徐钢
乡下学画画就是学手艺,老师都要称“师父”,跟学校里的老师,意义和分量都是不相同的。一直遗憾没有以“师父”称呼过恩师亚明!拜师那年我十四岁,那天恩师笑着说:就叫爷爷好了!
有人间起过:跟亚老学画这些年,学了些什么?我认真的想过,为人、作画都有。就学画来说,我觉得有一样是最重要的——坚持不懈,画画是生活中的一部分,不说每天伏案,停些日子总觉得哪不舒服,心里慌慌的感觉有件事没做。拿起笔,感觉就对了。
现在想来,这种习惯不是一天两天养成的。
1993年快放暑假时,父亲郑重地说:给你找了个师父。彼时父亲一心想让我学画,到处托人给我找师父,那天父亲也不知这师父叫什么,画什么的!一远房亲戚给爷爷看门,跟我父亲说:东家是画画的,厉害!那天照例是先看看画,现在想来只能算是儿童画。记得清楚爷爷问:想学什么啊?我脱口而出:学山水画。爷爷说:好,那明天就来吧。那时我父亲一定是高兴的,我是懵懵懂懂的,只是心里嘀咕:这师父和村里的老头不一样,哪不一样说不上来,一定严格。那时还不知是一种气度,我怕他。
如此就开始了学画。
开始时父母关照:去师父家学画,手脚要勤快。于是早上先去扫院子,爷爷出来晨练,一看就说:去,画画去,以后不要做。爷爷生活很有规律,早起,锻炼,画画;午睡起来后画画。我是他早起锻炼完了才到,中午他还没吃午饭,我就回家吃饭了。下午他午睡起来后才来,画一会儿就傍晚了,回家。一礼拜后,我照例在回家前拿当天画的画给爷爷看,看过,爷爷拿出一个作息表给我,说:按这个来!一看,爷爷早上没起就得来,他午饭了才能回家吃饭,午饭后就来画,天黑了才能回。心里叫苦,不敢吱声,我怕爷爷,这种威严我没见过。后来我工作到了南京,听起长辈、朋友讲起爷爷的豪放、好客、健谈、幽默种种,跟我在山庄学画时的爷爷不太一样,那时他严谨、安静,只是每日画画。

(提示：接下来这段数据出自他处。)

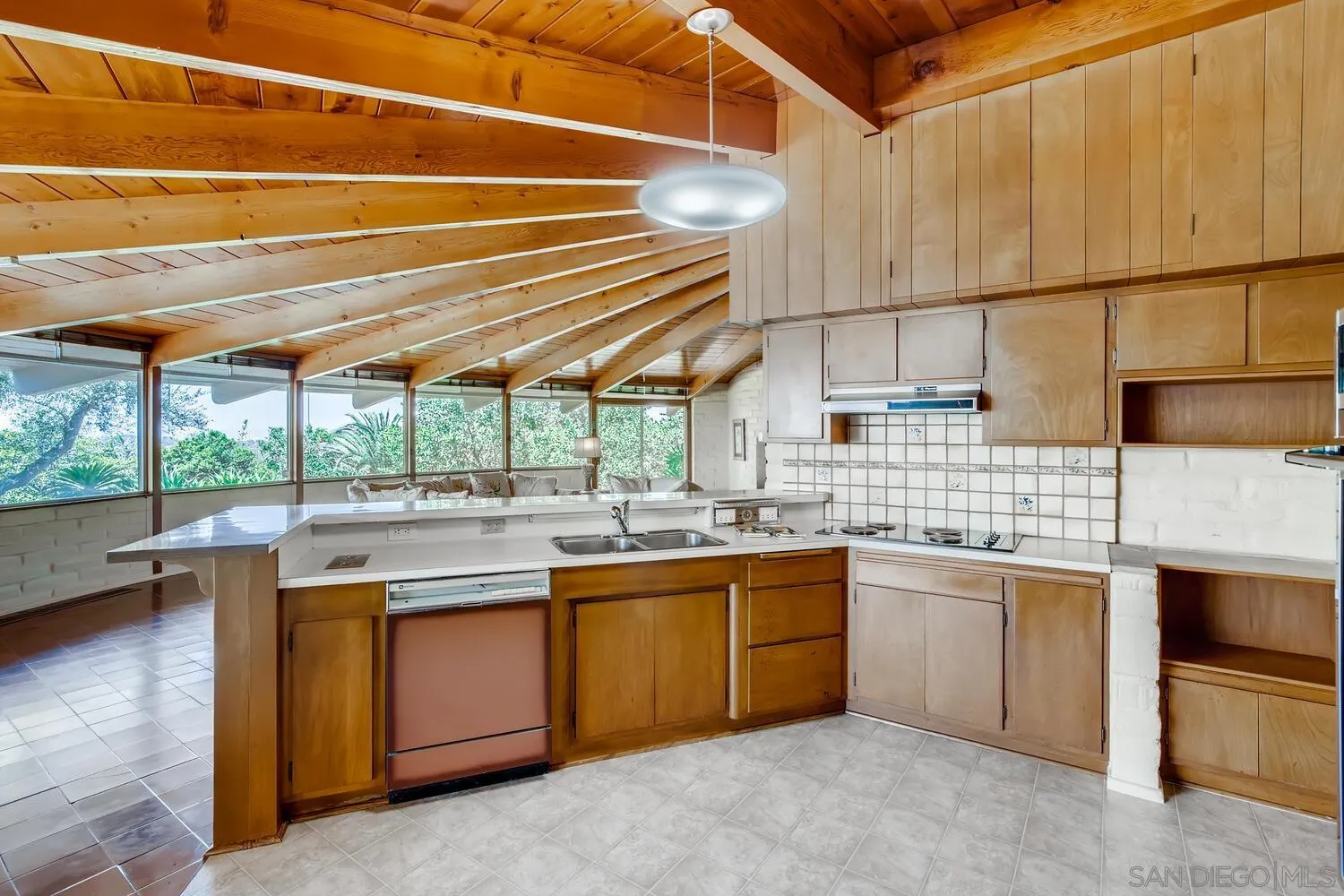 14565 High Valley Road Poway, CA 92064 - Photo 12 of 28 a kitchen with a sink and cabinets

那年暑假是单调的,有临不完的画,也不知道这叫吃苦。总之每天画,不敢偷懒。后来知道这能叫“童子功”。比在学校用功,在学校不喜欢的课开个小差总还是有的,在山庄学画可不敢。
我知道我越来越喜欢了,一放寒假我就去山庄画画。没几日,爷爷要回南京过年,把我叫到画室,拿出一张作业表:每日写字两张,《富春山居图》通临一遍,背唐诗十首。说道:过完年回来,要检查的。那年年三十,画完画回家,街上有些人家放烟花了。
那些年寒暑假都是这样过的,爷爷从来没和我说过要如何如何吃得苦,要有如何如何的精神!只说过一句:十年磨一剑。那些年他让我知道,学画是一定要这样的,让我落下这个“毛病”—几天不画,心里不舒服。
生活中有一位令你敬畏的长者是幸福的,你会在生活、学习中始终勤勉。恩师已故去,但总觉得他会看我画的。
爷爷临终时说:少研究人,多画画。